Work task —
Your job with the data below is to output exactly the lines from the one holding "TEMPUR Matrashouder set" down to the one holding "Load image into", both included, and no others.

Record extracts —
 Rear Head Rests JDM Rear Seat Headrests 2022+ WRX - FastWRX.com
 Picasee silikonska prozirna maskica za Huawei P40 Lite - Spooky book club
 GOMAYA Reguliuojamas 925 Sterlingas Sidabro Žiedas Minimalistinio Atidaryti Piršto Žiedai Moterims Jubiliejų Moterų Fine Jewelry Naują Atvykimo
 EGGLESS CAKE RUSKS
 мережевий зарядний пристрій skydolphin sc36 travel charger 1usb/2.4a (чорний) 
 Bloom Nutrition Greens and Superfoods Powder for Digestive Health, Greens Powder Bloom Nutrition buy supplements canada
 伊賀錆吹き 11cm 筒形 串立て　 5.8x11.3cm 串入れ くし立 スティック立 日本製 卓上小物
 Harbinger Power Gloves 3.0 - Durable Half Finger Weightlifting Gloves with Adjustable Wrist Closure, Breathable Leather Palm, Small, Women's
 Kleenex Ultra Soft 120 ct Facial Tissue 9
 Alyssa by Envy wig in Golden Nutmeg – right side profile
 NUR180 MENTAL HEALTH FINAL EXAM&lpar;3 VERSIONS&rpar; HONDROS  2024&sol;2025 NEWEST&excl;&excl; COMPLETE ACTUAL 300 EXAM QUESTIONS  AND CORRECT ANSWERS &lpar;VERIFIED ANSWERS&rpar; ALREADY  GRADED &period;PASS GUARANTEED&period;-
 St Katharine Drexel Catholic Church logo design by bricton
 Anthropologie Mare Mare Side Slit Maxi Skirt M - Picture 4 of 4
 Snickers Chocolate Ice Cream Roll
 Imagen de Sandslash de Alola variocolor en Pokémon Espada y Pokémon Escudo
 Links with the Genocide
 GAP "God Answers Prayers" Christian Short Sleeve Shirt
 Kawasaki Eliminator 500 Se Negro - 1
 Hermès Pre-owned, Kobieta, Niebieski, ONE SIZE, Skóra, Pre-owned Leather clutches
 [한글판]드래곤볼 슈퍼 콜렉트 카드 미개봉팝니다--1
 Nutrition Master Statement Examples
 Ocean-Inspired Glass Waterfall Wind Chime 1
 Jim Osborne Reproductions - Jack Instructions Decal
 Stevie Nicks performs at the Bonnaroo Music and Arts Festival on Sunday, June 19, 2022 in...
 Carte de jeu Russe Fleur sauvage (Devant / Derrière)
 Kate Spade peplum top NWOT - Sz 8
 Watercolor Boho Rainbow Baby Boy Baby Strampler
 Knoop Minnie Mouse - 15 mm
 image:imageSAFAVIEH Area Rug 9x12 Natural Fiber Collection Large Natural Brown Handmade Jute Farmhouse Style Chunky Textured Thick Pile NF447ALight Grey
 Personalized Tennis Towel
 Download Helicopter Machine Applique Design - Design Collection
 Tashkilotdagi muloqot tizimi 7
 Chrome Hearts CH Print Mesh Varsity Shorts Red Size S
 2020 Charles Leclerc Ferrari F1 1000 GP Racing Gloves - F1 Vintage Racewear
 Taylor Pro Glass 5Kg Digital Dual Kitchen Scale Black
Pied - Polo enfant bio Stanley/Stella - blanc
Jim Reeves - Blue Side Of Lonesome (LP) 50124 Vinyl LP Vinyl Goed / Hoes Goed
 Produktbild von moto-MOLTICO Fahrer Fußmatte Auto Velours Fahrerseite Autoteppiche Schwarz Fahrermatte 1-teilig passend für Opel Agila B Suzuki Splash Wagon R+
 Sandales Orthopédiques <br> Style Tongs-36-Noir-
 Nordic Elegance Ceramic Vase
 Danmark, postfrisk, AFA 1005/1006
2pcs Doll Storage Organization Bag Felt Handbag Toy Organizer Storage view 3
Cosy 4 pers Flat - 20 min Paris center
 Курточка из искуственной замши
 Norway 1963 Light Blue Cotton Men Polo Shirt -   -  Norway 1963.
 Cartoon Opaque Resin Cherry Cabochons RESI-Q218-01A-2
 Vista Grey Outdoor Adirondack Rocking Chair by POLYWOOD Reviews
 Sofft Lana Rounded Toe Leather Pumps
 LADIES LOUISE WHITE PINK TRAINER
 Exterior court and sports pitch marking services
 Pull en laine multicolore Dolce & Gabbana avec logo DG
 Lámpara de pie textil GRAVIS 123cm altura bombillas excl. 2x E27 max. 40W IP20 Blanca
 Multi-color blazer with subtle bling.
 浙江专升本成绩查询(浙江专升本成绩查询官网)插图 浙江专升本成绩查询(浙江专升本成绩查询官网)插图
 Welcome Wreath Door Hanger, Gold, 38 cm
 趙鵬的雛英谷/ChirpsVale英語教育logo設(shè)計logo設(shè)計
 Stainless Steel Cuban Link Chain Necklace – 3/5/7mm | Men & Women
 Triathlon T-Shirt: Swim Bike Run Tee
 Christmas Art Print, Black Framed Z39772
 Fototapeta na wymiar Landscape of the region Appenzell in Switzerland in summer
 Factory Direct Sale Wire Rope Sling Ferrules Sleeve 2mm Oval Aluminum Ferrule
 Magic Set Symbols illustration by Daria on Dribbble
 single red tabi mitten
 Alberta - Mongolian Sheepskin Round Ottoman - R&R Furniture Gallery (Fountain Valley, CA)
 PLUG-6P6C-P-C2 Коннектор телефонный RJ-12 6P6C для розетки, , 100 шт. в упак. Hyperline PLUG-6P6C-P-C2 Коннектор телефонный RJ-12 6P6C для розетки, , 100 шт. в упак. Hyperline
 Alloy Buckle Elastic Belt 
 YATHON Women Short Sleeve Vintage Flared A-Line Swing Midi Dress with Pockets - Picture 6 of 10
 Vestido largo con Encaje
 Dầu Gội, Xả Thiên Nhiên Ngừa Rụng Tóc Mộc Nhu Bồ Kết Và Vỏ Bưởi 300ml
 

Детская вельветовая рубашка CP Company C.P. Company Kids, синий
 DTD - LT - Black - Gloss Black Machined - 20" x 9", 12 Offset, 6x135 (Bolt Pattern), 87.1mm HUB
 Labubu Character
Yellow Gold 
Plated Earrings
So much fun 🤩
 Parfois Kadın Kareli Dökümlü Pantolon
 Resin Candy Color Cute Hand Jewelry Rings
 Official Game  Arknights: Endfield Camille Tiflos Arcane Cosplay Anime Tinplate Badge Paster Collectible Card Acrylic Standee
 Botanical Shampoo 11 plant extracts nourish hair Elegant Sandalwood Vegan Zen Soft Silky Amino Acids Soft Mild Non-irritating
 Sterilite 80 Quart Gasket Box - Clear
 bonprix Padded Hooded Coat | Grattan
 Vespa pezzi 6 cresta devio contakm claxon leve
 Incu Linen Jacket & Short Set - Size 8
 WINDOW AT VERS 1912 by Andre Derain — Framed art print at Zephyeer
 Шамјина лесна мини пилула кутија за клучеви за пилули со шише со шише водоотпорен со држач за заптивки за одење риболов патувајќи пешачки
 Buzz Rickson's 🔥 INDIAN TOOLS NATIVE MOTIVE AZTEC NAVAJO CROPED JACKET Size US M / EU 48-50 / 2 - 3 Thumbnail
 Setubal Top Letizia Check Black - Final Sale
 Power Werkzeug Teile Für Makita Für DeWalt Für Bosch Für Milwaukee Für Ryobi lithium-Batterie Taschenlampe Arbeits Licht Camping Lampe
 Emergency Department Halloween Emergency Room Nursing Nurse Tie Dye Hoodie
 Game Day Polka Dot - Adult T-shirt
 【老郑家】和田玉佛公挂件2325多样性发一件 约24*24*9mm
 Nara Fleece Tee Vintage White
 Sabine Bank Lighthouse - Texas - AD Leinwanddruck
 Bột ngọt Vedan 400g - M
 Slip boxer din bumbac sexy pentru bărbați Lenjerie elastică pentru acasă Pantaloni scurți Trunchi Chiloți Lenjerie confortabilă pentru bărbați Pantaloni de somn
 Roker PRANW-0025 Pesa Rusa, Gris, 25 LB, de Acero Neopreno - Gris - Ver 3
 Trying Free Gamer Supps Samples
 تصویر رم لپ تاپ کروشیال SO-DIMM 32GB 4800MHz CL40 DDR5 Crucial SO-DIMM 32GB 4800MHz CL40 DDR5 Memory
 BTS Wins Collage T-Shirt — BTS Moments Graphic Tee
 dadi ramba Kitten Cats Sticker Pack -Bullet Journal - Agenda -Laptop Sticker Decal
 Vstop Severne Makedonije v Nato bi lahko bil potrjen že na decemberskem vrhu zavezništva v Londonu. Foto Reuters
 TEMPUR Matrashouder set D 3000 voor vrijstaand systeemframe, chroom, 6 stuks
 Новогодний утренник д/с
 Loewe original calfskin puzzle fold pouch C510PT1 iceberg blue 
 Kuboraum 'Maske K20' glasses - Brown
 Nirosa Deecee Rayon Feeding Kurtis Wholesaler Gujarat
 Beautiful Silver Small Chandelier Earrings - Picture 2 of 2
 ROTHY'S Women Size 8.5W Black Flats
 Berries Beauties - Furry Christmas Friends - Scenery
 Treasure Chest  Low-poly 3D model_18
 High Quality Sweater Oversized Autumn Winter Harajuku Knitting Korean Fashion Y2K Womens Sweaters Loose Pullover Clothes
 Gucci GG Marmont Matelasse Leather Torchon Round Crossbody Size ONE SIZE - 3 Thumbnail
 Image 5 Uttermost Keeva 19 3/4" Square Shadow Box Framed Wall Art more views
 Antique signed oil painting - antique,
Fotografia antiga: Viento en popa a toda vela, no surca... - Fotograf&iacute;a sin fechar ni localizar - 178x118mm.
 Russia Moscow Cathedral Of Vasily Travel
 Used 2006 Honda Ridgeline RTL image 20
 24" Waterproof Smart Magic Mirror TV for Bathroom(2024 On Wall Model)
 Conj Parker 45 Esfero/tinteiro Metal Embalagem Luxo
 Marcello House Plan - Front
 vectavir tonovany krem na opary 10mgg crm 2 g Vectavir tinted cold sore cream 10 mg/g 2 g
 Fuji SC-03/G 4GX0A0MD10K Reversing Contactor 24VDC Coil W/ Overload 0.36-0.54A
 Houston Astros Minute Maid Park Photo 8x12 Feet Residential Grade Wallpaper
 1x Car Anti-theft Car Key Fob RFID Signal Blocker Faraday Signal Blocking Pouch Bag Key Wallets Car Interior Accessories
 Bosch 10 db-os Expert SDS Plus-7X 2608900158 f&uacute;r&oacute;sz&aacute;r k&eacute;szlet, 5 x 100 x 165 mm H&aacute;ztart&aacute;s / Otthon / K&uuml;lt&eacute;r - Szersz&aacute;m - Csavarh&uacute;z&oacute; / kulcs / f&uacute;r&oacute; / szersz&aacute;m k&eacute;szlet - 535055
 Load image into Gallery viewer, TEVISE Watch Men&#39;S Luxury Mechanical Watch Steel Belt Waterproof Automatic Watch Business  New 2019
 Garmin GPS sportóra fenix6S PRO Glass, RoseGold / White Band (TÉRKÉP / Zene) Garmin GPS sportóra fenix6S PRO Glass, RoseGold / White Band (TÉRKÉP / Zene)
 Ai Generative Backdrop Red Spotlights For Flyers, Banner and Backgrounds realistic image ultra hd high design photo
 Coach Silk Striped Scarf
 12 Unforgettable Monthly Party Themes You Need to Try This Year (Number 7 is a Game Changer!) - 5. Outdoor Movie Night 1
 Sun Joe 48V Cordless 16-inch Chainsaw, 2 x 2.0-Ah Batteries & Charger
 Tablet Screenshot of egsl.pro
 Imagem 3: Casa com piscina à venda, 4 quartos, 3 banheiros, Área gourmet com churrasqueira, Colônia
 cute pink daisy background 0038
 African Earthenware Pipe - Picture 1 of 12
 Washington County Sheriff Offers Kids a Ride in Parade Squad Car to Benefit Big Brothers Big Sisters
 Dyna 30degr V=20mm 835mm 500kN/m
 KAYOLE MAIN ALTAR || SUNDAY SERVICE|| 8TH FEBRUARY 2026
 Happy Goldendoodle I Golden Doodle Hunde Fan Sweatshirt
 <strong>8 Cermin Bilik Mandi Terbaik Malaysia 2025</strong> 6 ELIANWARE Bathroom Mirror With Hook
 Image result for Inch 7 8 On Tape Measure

Answer for the task —
 TEMPUR Matrashouder set D 3000 voor vrijstaand systeemframe, chroom, 6 stuks
 Новогодний утренник д/с
 Loewe original calfskin puzzle fold pouch C510PT1 iceberg blue 
 Kuboraum 'Maske K20' glasses - Brown
 Nirosa Deecee Rayon Feeding Kurtis Wholesaler Gujarat
 Beautiful Silver Small Chandelier Earrings - Picture 2 of 2
 ROTHY'S Women Size 8.5W Black Flats
 Berries Beauties - Furry Christmas Friends - Scenery
 Treasure Chest  Low-poly 3D model_18
 High Quality Sweater Oversized Autumn Winter Harajuku Knitting Korean Fashion Y2K Womens Sweaters Loose Pullover Clothes
 Gucci GG Marmont Matelasse Leather Torchon Round Crossbody Size ONE SIZE - 3 Thumbnail
 Image 5 Uttermost Keeva 19 3/4" Square Shadow Box Framed Wall Art more views
 Antique signed oil painting - antique,
Fotografia antiga: Viento en popa a toda vela, no surca... - Fotograf&iacute;a sin fechar ni localizar - 178x118mm.
 Russia Moscow Cathedral Of Vasily Travel
 Used 2006 Honda Ridgeline RTL image 20
 24" Waterproof Smart Magic Mirror TV for Bathroom(2024 On Wall Model)
 Conj Parker 45 Esfero/tinteiro Metal Embalagem Luxo
 Marcello House Plan - Front
 vectavir tonovany krem na opary 10mgg crm 2 g Vectavir tinted cold sore cream 10 mg/g 2 g
 Fuji SC-03/G 4GX0A0MD10K Reversing Contactor 24VDC Coil W/ Overload 0.36-0.54A
 Houston Astros Minute Maid Park Photo 8x12 Feet Residential Grade Wallpaper
 1x Car Anti-theft Car Key Fob RFID Signal Blocker Faraday Signal Blocking Pouch Bag Key Wallets Car Interior Accessories
 Bosch 10 db-os Expert SDS Plus-7X 2608900158 f&uacute;r&oacute;sz&aacute;r k&eacute;szlet, 5 x 100 x 165 mm H&aacute;ztart&aacute;s / Otthon / K&uuml;lt&eacute;r - Szersz&aacute;m - Csavarh&uacute;z&oacute; / kulcs / f&uacute;r&oacute; / szersz&aacute;m k&eacute;szlet - 535055
 Load image into Gallery viewer, TEVISE Watch Men&#39;S Luxury Mechanical Watch Steel Belt Waterproof Automatic Watch Business  New 2019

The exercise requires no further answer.